THE DATA:
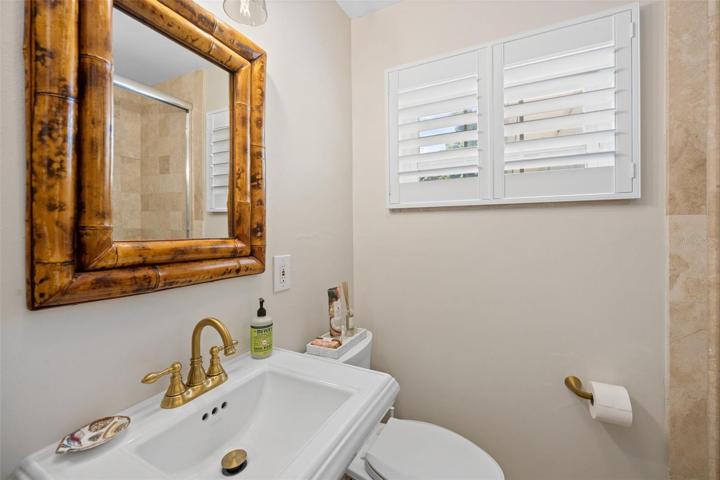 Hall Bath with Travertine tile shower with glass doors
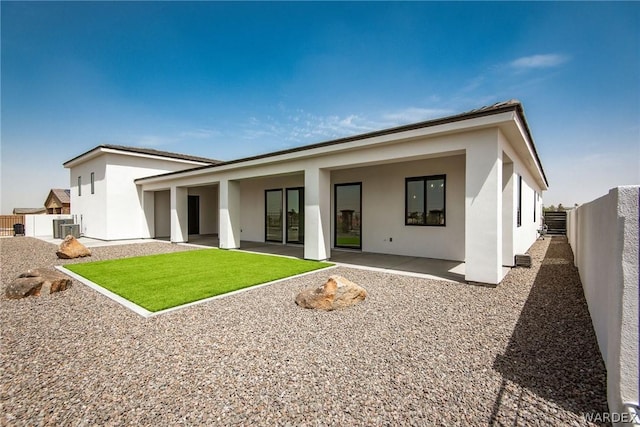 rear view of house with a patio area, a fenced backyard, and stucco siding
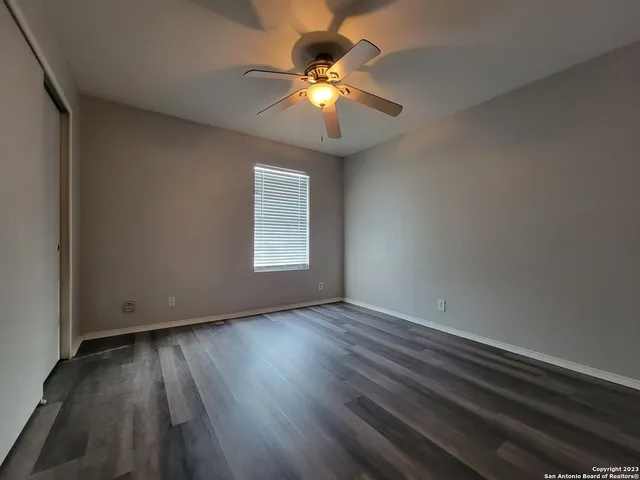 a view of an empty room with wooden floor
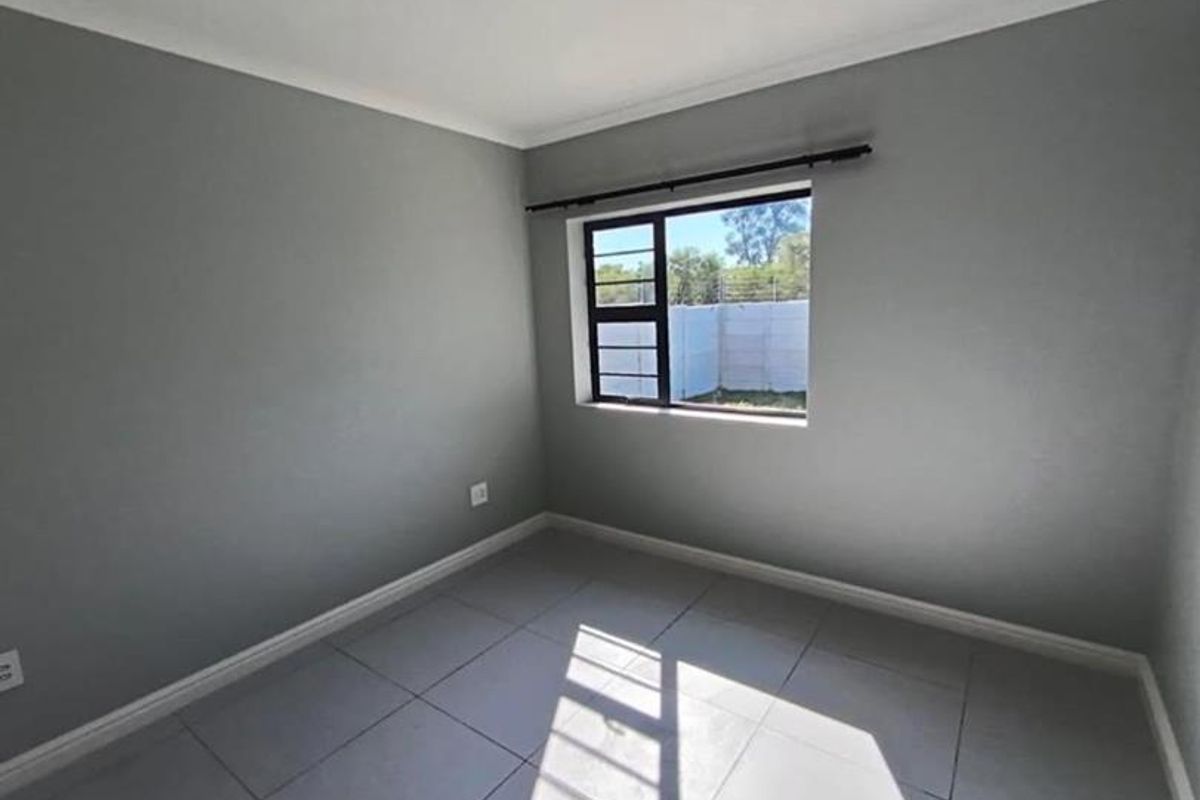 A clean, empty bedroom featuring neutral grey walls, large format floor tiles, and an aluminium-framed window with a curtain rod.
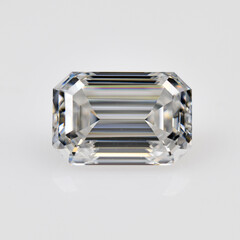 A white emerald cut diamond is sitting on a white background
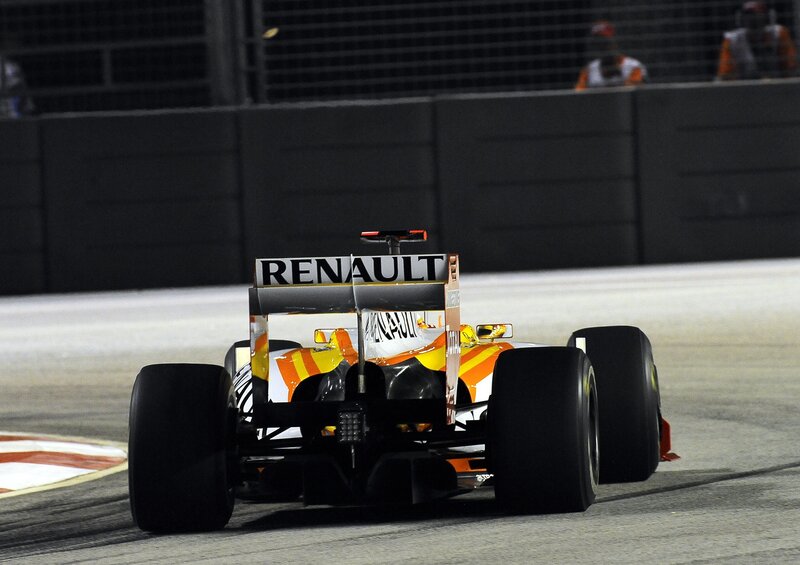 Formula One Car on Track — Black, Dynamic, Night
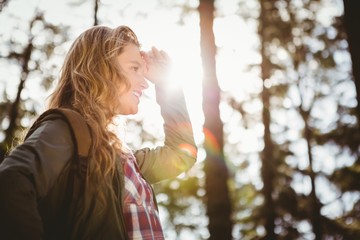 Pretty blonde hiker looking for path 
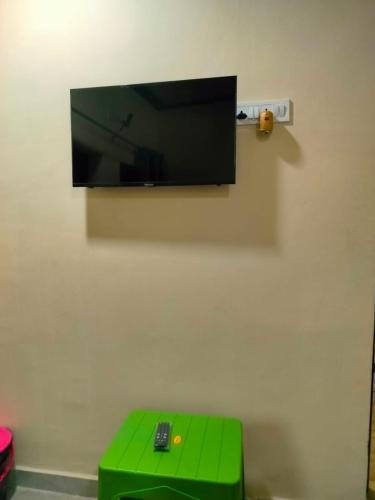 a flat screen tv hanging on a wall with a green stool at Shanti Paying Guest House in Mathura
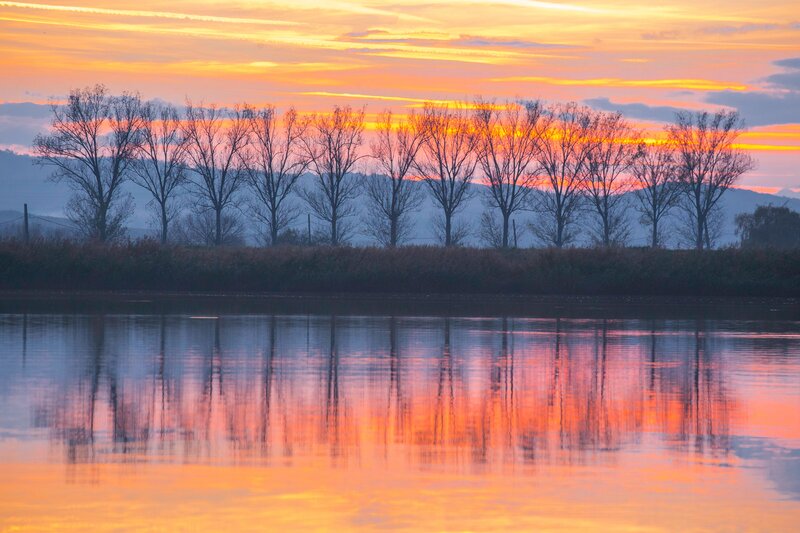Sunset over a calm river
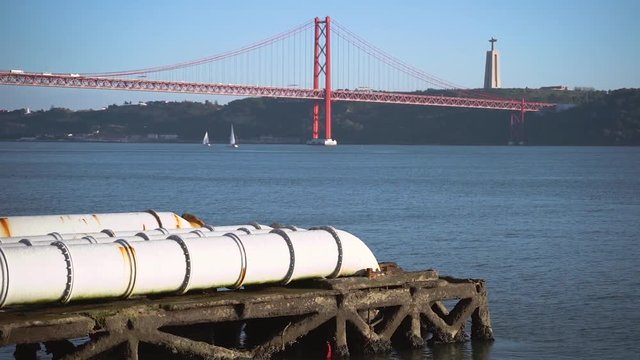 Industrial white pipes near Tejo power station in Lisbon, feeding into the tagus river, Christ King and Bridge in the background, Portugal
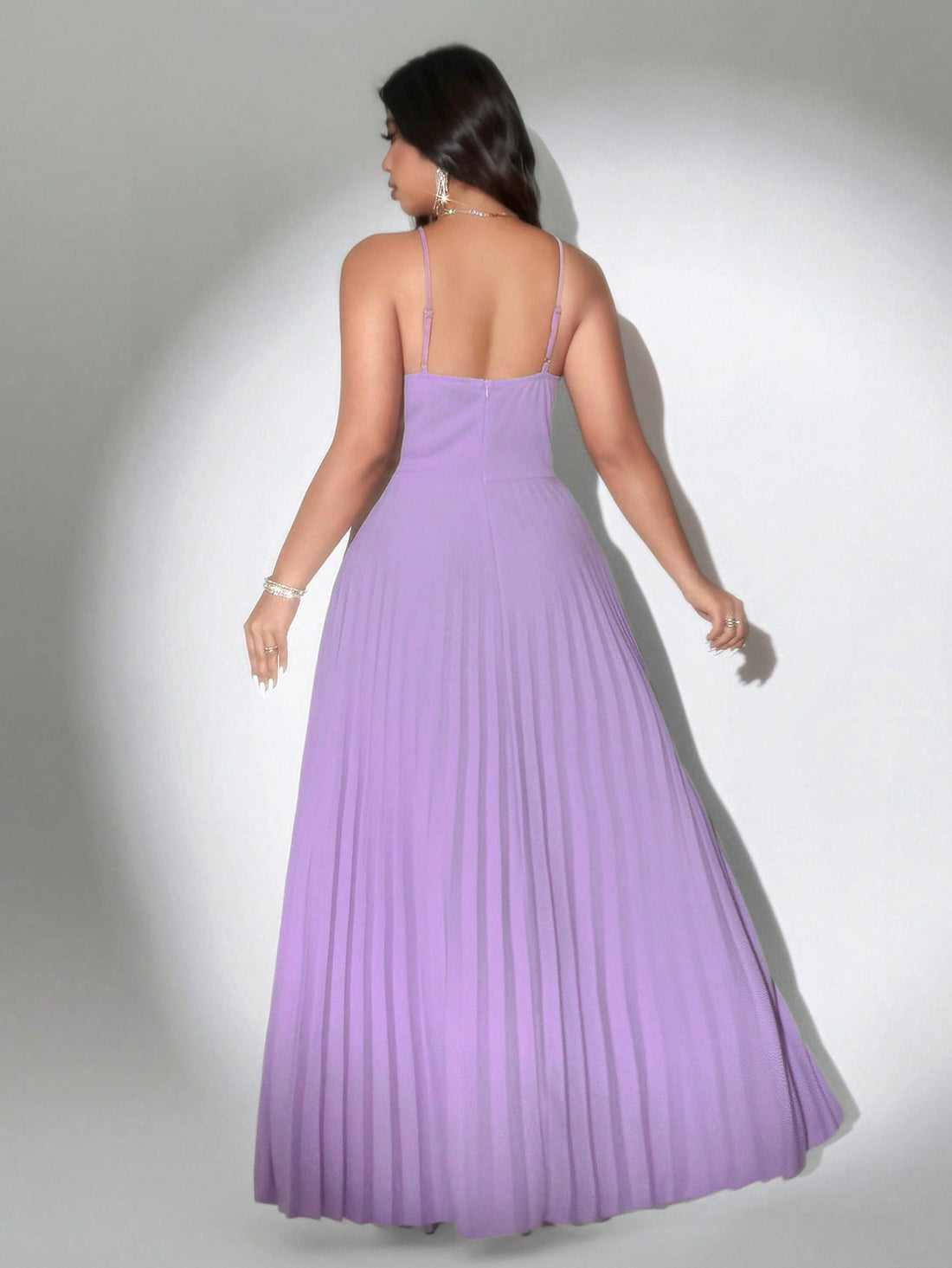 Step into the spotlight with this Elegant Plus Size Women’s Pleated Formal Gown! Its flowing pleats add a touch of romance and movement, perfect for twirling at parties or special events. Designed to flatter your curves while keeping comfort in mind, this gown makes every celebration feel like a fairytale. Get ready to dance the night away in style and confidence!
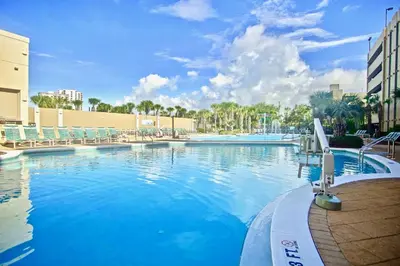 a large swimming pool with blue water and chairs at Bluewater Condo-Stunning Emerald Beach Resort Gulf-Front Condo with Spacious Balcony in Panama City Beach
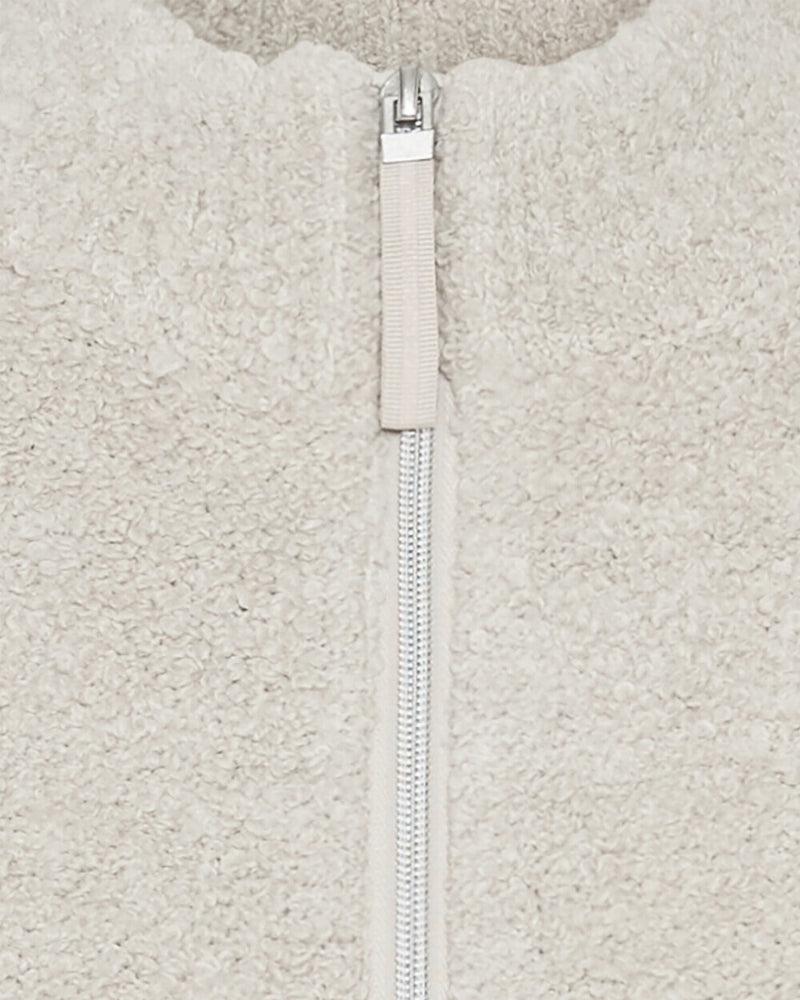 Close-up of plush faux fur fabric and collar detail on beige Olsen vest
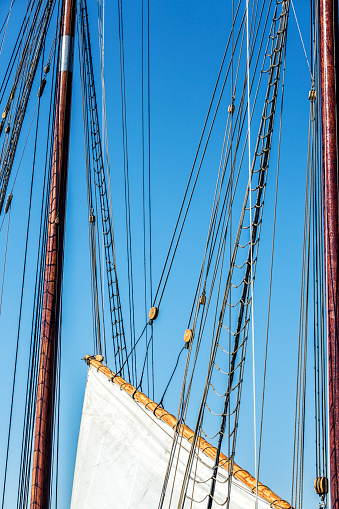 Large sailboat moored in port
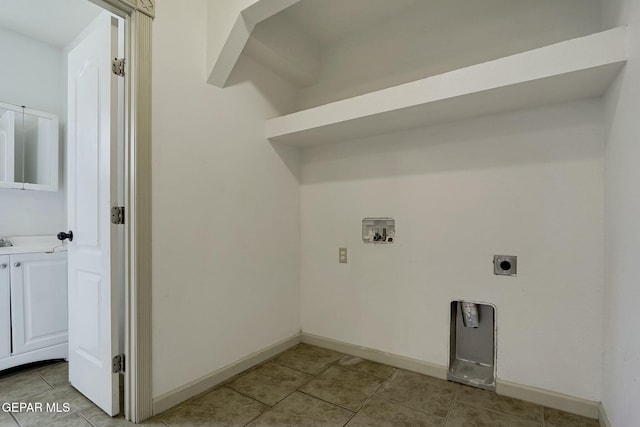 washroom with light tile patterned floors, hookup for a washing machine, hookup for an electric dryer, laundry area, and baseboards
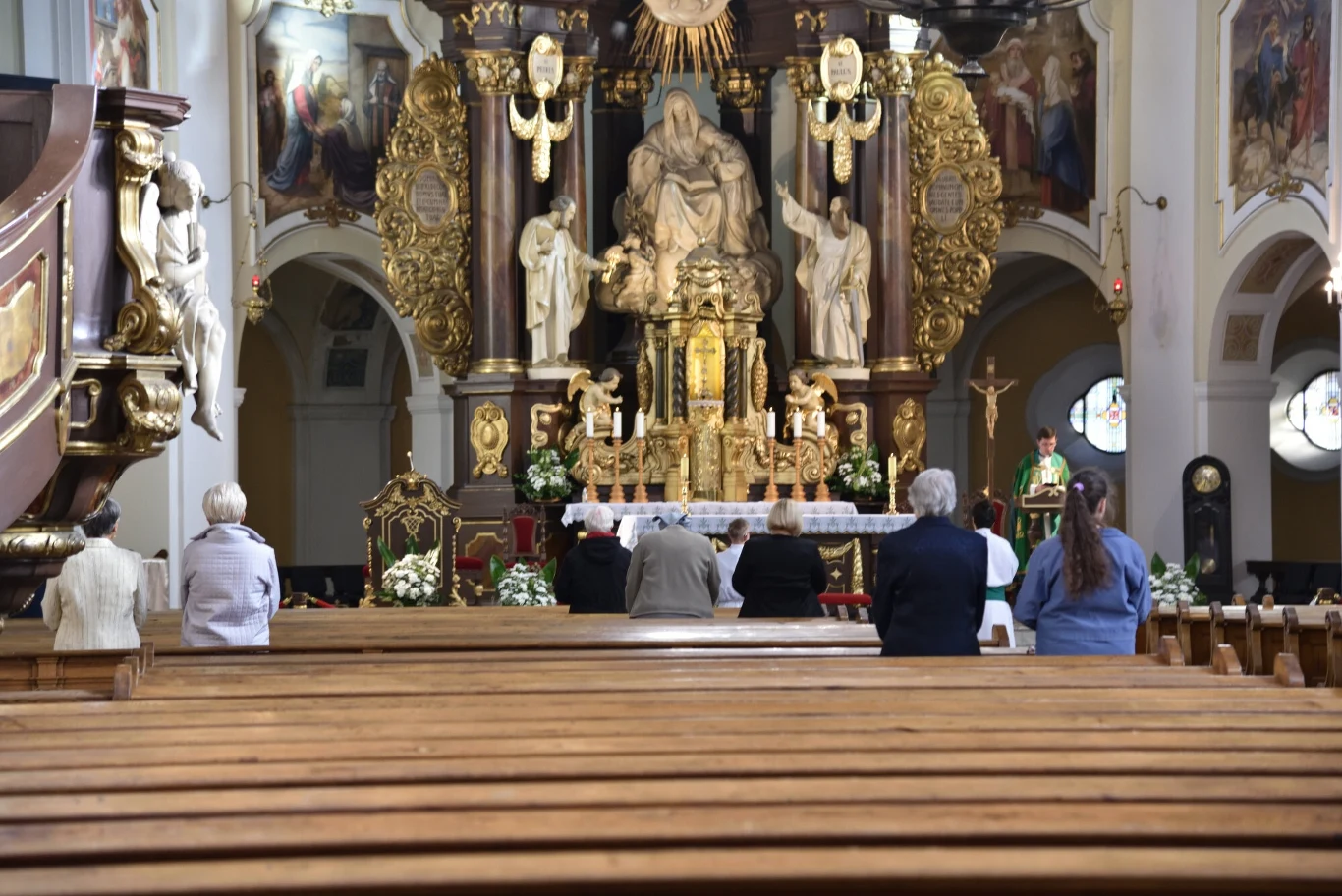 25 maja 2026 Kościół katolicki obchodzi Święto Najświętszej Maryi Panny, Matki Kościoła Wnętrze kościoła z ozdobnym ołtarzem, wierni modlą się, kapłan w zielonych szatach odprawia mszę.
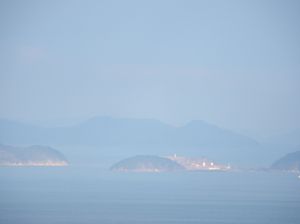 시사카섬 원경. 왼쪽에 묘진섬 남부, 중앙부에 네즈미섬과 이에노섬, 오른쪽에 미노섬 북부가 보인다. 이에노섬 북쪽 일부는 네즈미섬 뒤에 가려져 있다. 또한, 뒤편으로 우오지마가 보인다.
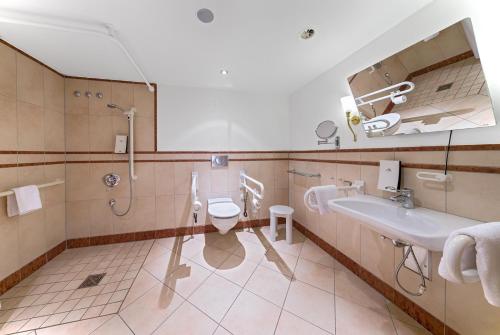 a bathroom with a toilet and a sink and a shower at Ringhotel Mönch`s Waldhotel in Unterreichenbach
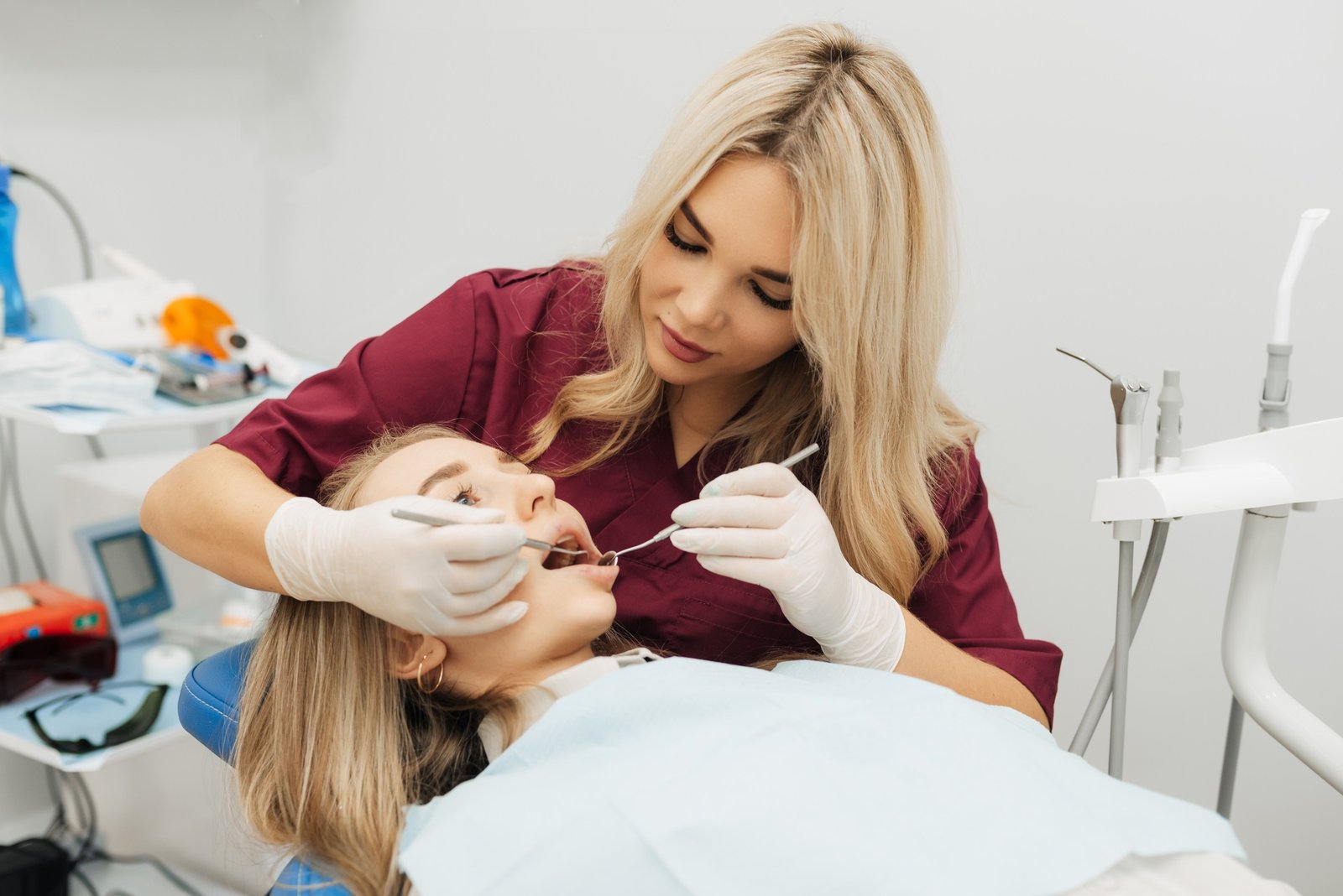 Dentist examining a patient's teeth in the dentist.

WHAT YOU NEED TO DO:
Begin at the line containing "a bathroom with" and restate exactly every line through the end of the material, skipping the pictures.

RESULT FOR THIS EXERCISE:
 a bathroom with a toilet and a sink and a shower at Ringhotel Mönch`s Waldhotel in Unterreichenbach
 Dentist examining a patient's teeth in the dentist.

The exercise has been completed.